Cancellation
ℹ️
Protocol Revision: 2024-11-05
The Model Context Protocol (MCP) supports optional cancellation of in-progress requests through notification messages. Either side can send a cancellation notification to indicate that a previously-issued request should be terminated.
Cancellation Flow
When a party wants to cancel an in-progress request, it sends a notifications/cancelled
notification containing:
- The ID of the request to cancel
- An optional reason string that can be logged or displayed
{
"jsonrpc": "2.0",
"method": "notifications/cancelled",
"params": {
"requestId": "123",
"reason": "User requested cancellation"
}
}
Behavior Requirements
- Cancellation notifications MUST only reference requests that:
- Were previously issued in the same direction
- Are believed to still be in-progress
- The
initialize
request MUST NOT be cancelled by clients - Receivers of cancellation notifications SHOULD:
- Stop processing the cancelled request
- Free associated resources
- Not send a response for the cancelled request
- Receivers MAY ignore cancellation notifications if:
- The referenced request is unknown
- Processing has already completed
- The request cannot be cancelled
- The sender of the cancellation notification SHOULD ignore any response to the request that arrives afterward
Timing Considerations
Due to network latency, cancellation notifications may arrive after request processing has completed, and potentially after a response has already been sent.
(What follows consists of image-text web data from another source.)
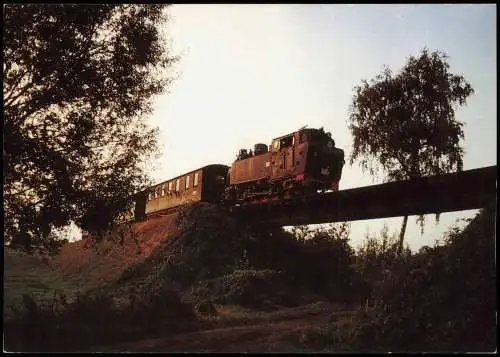 Ansichtskarte  Schmalspur-Dampflokomotive 99713 bei Oberdittmannsdorf 1971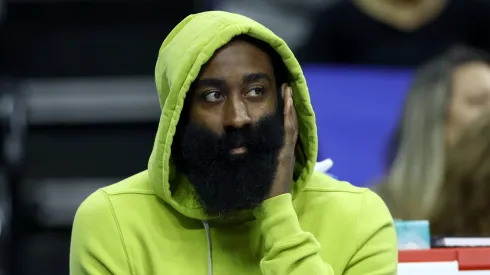 James Harden on the sidelines during a Clippers' game against the Trail Blazers
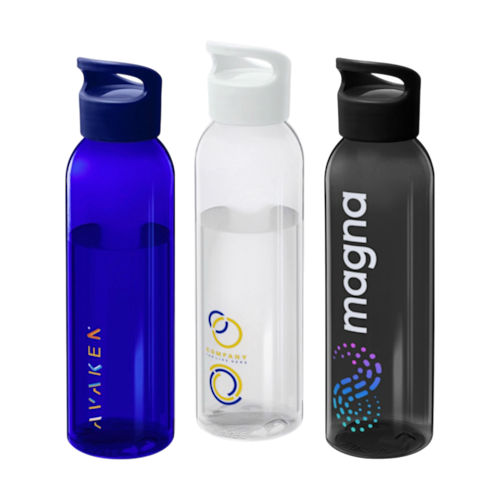 Drie Sky 650 ml waterflessen in blauw, transparant en zwart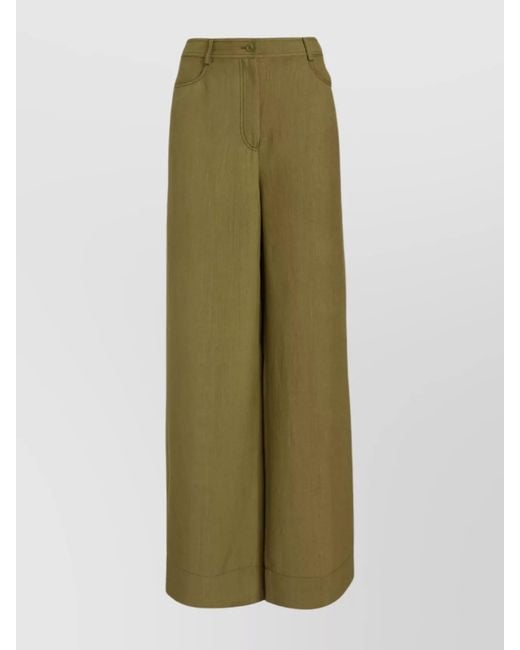 Alberta Ferretti Green High-Rise Wide-Leg Trousers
Both parties MUST handle these race conditions gracefully:
sequenceDiagram participant Client participant Server Client->>Server: Request (ID: 123) Note over Server: Processing starts Client--)Server: notifications/cancelled (ID: 123) alt Note over Server: Processing may have
completed before
cancellation arrives else If not completed Note over Server: Stop processing end
Implementation Notes
- Both parties SHOULD log cancellation reasons for debugging
- Application UIs SHOULD indicate when cancellation is requested
Error Handling
Invalid cancellation notifications SHOULD be ignored:
- Unknown request IDs
- Already completed requests
- Malformed notifications
This maintains the “fire and forget” nature of notifications while allowing for race conditions in asynchronous communication.